I found this to be a really clever story, lots of twists and turns and even when things start to come together it is not obvious how things are going to end.

Catriona King is the author of the Marc Craig/ Belfast Murder Squad series and The Carbon Trail sees her move to new characters and a new setting (New York). As with the Marc Craig books the characters are well developed, the kind you can actually care about. This is a big, ballsy thriller that brought to mind the works of Dean Koontz and Michael Crichton. With this book Catriona King has really upped her game (and the bar was set at a very high level to start with)

4.5/5 stars

Thursday 10 April 2014

Stuck On You by Jasper Bark (a review)

This short novella starts with a bang (well two really) and doesn't really stop till the last page.

Here's the back story, Ricardo is travelling from Arizona to New Mexico to buy artisan gifts for his girlfriend to sell back home. Now, Ricardo is a bit of a ladies man so when he meets Consuela, a young Mexican who needs to get back over the border to America, there is only one way this is going to end. The rub here is that Consuela is smuggling something in her stomach that they have to get to the buyer.

On the journey they flirt until they have no option but to pull up and 'do the deed'. Unfortunately while they do they are struck by lightning, which kills Consuela and leaves Ricardo stuck inside her, as her muscles have contracted in death.
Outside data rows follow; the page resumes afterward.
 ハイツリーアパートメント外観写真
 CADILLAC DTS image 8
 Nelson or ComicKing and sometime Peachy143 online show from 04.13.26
Will Ricardo be able to survive long enough to be rescued (and how will he explain This to his girlfriend?). What was Consuela smuggling in her stomach?

This is both an erotic and disturbing little tale, but trust me, it's a bloody good read. Good horror isn't meant to be comfortable and Jasper Bark does a good job of making the reader as uncomfortable as possible.

4.5/5 stars

Wednesday 2 April 2014

Moribund Tales by Erik Hofstatter (a review)

A bit of a mixed bag this one. It's a collection of short stories (9 over about 50 pages).

The collection starts off well with INTERNAL ABDUCTION, a slightly predictable but still enjoyable "body horror" tale. This is followed by LAST STRAW OF HUMANITY, a "creature in the cellar" story that didn't finish as I thought it might.

For me, the best of these stories were TEARS OF REPENTANCE, a historical tale of love and vengeance, and INFANTS FINGERS (more vengeance with added deception). INFANTS FINGERS is the only tale in this book that isn't told in the first person, and, in my opinion, is better for it.

The last two stories, ON THE EDGE OF THE MARSH and AFFECTIONATE CADAVER,  both left me feeling a bit short changed, but not in such a bad way. I just wanted more from the story. "MARSH" had an interesting set up that ended without answering all my questions - the story had real potential and I would very much like to see an expanded version. This felt very much like a sample chapter.

AFFECTIONATE CADAVER, again, could do with being longer. The story is horrible (in a good way - one of those that makes you uncomfortable, as a good horror story should!). And the main character is a truly vile person. A cracking end to the book.

All being said and done, this is a decent little collection of stories at just the right kind of length for a coffee break. I will be looking out for more from this author.